Report every line of the material that contains the string "holding".
# # # #
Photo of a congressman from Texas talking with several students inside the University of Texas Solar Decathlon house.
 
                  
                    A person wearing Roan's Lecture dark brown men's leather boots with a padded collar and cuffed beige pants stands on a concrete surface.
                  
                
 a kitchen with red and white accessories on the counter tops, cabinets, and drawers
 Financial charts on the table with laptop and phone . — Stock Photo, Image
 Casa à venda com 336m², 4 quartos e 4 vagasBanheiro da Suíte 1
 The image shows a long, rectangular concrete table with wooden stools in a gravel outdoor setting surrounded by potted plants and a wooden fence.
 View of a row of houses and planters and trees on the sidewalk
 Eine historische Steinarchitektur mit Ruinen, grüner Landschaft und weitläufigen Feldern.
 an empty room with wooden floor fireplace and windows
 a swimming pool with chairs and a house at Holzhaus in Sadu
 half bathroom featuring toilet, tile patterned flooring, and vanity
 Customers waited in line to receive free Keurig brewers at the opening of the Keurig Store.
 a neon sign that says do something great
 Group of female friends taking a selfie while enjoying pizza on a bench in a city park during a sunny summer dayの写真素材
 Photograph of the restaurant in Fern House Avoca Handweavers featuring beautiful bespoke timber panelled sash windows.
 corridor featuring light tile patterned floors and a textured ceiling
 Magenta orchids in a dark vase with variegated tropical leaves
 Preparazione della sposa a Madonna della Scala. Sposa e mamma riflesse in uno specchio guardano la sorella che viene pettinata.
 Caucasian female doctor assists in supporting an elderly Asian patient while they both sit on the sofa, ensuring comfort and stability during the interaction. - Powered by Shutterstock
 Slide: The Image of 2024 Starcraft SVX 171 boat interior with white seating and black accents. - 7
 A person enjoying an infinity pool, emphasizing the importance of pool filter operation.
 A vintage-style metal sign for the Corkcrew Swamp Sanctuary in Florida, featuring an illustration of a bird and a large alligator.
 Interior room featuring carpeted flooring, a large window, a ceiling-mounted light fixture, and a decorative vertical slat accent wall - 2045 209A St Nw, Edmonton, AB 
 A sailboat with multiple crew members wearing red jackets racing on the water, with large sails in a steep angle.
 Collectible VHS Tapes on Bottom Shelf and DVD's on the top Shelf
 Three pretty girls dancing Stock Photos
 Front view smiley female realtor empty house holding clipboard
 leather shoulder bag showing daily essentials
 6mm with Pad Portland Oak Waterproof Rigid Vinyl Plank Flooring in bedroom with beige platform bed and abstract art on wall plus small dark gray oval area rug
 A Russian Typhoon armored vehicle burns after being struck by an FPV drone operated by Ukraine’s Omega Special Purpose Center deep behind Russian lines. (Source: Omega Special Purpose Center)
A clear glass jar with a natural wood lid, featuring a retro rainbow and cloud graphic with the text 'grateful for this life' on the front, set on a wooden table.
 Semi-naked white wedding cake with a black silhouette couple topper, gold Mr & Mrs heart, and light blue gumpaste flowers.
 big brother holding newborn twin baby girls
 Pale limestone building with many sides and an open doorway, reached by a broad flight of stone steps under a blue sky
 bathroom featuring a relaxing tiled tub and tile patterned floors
# # # #
> Response to the exercise:
 Front view smiley female realtor empty house holding clipboard
 big brother holding newborn twin baby girls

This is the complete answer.